Moab : region of Jordan, to the east of the Dead Sea

Ammon : region to the north of Moab

St Athanasius : (c.296 – AD 373) Bishop of Alexandria for 45 year commencing in AD 328

SAINT JOAN scene 6

Joan’s trial for heresy is staged at Rouen. She is found guilty and passed to the secular authorities for punishment. Captain de Stogumber, shocked by what he has witnessed, describes how she has been burnt at the stake.

A great hall in a castle at Rouen, on a fine sunny day, 30 May 1431, is the setting for the ecclesiastical trial. The Earl of Warwick enters, and is soon followed by Bishop Peter Cauchon, accompanied by Brother John Lemaitre, a Dominican monk, and John D’Estivet, Canon of the Chapter of Bayeux. Warwick discusses with Cauchon the imminent trial of the Maid. The bishop explains that Lemaitre, a representative of the Inquisition, is a specialist in combating heresy. D’Estivet will act as prosecutor of the case.

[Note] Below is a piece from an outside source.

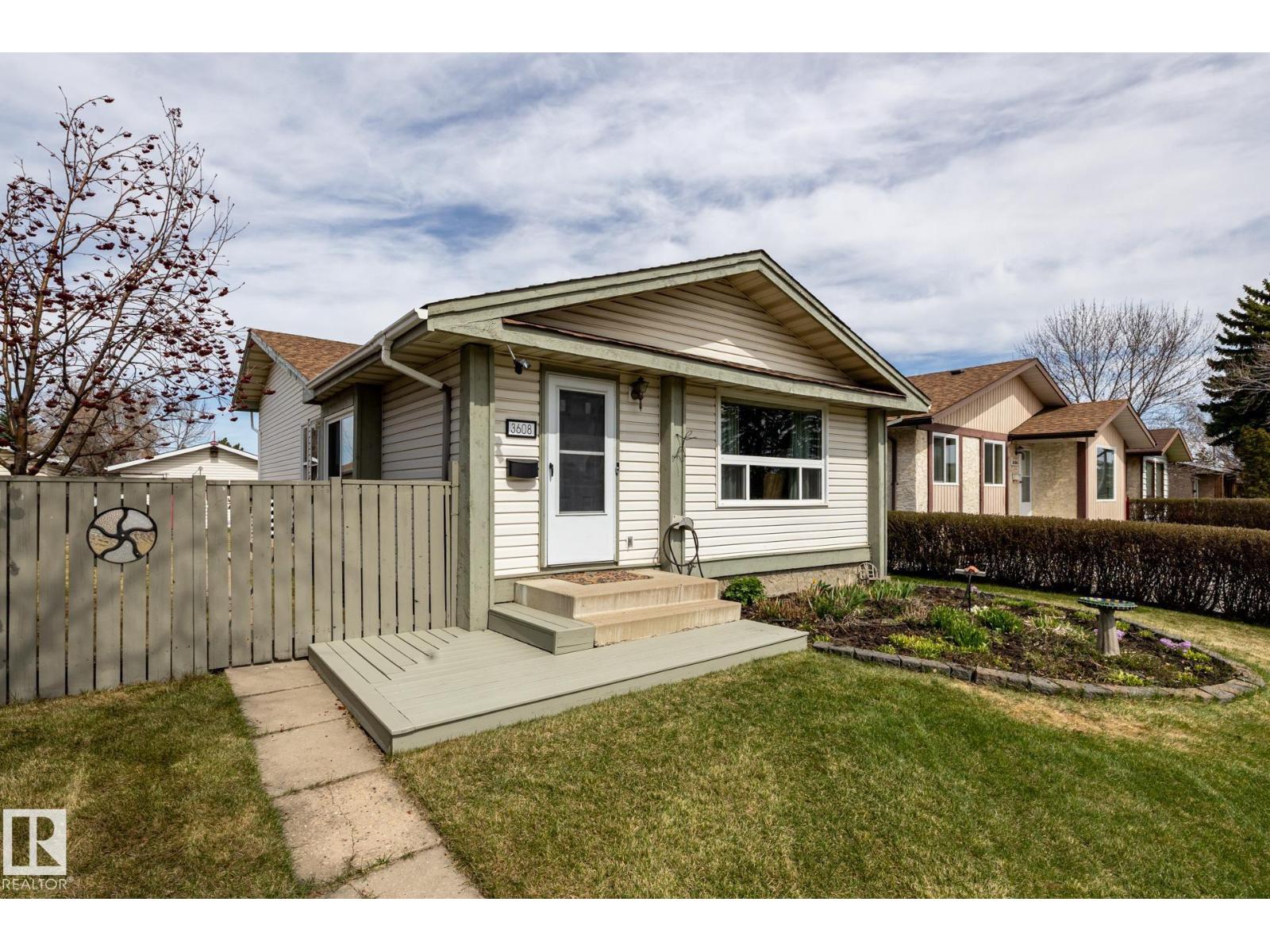 Additional image 2 of 3608 16a Avenue NW, Edmonton, AB, T6L2N4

Warwick observes that it is 9 months since Joan was taken prisoner by Burgundian troops. It is 4 months since he purchased her from their custody, before passing her to Cauchon as a suspected heretic. He is eager to have proceedings completed, and the Maid sentenced. The bishop explains that lengthy examination of the prisoner has been taking place.

Lemaitre says he has detected grave heresy. This pleases Warwick, but Cauchon asserts his determination to ensure a fair trial for Joan, insisting that the Church must be just. The Inquisitor speaks of Cauchon’s devotion to fair conduct, and of his determination to save the Maid’s soul, if possible. Warwick’s view is that Joan’s death is ‘a political necessity’ (pg 177), but Cauchon angrily declares that the Church is not subject to such necessity. The Inquisitor states bluntly that Joan will die, because every utterance she makes convicts her.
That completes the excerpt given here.